### EXERCISE REQUIREMENTS
Skipping any pictures, repeat exactly and only the lines from the one that holds "Why are fire" to the last line of the material, both included.

+++++

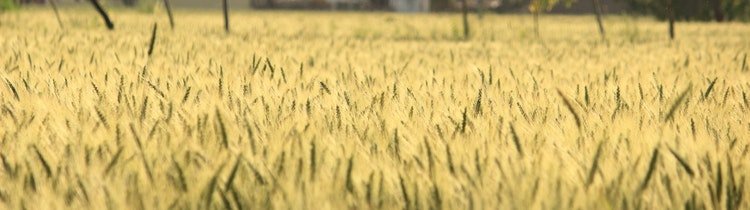 Quick Guide to Buying Land Cheap in Utah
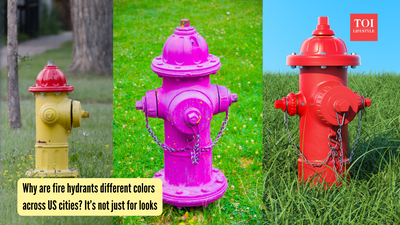 Why are fire hydrants different colors across US cities? It&rsquo;s not just for looks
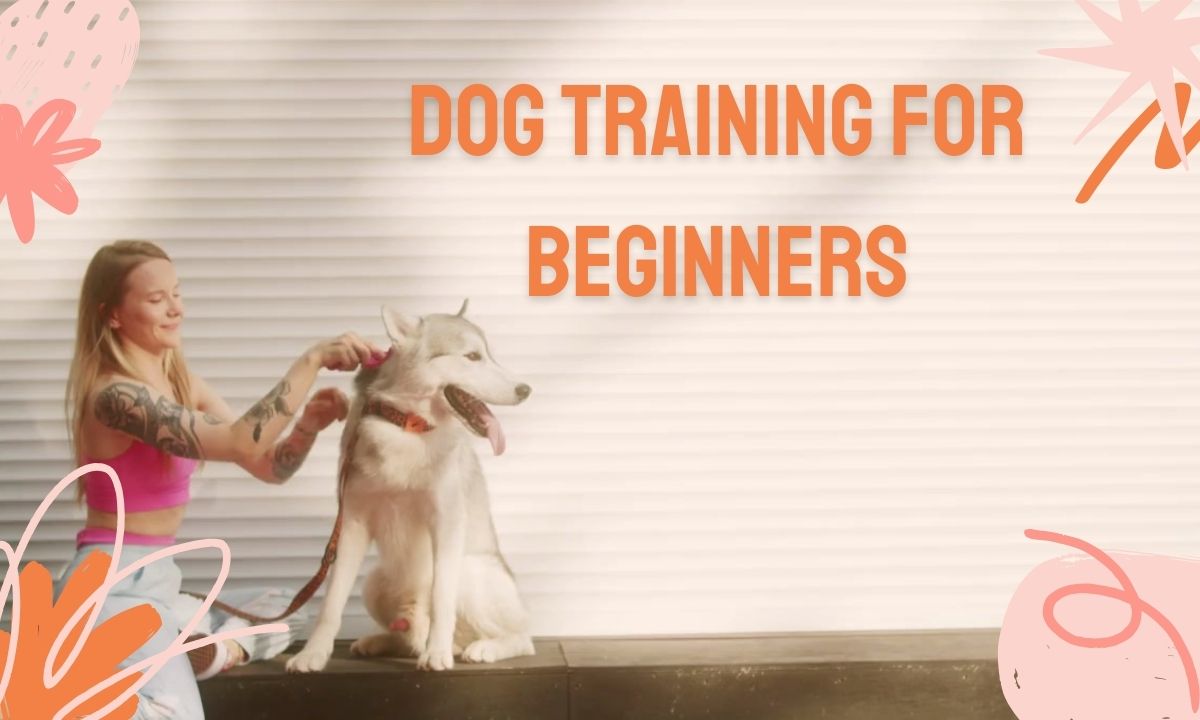 Dog Training for Beginners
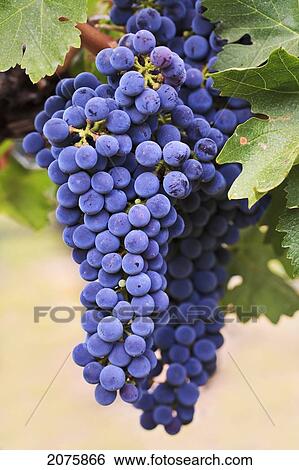 Grapes (Merlot Red Wine Variety) Growing On The Vine In Okanagan Valley; Osoyoos British Columbia Canada View Large Photo Image Stock Photograph - Grapes (Merlot Red Wine Variety) Growing On The Vine In Okanagan Valley; Osoyoos British Columbia Canada. Fotosearch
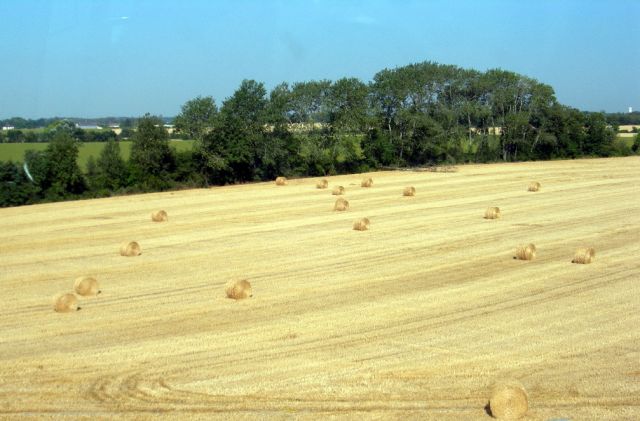 Zdjęcia: południowy wschód Francji, i po żniwach, FRANCJA Zdjęcia: południowy wschód Francji, i po żniwach, FRANCJA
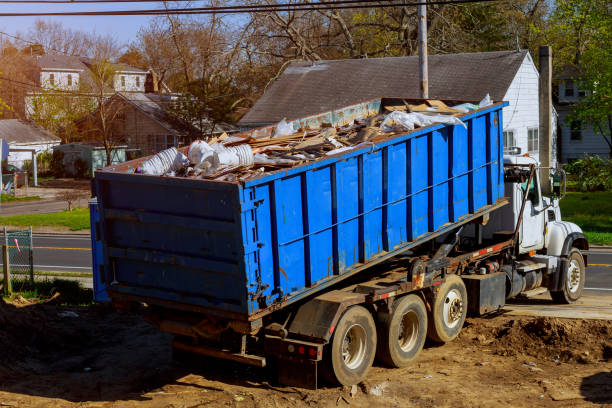 Best Recycling Services for Junk  in Roodhouse, IL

+++++

### RESULT BELOW
 Why are fire hydrants different colors across US cities? It&rsquo;s not just for looks
 Dog Training for Beginners
 Grapes (Merlot Red Wine Variety) Growing On The Vine In Okanagan Valley; Osoyoos British Columbia Canada View Large Photo Image Stock Photograph - Grapes (Merlot Red Wine Variety) Growing On The Vine In Okanagan Valley; Osoyoos British Columbia Canada. Fotosearch
 Zdjęcia: południowy wschód Francji, i po żniwach, FRANCJA Zdjęcia: południowy wschód Francji, i po żniwach, FRANCJA
 Best Recycling Services for Junk  in Roodhouse, IL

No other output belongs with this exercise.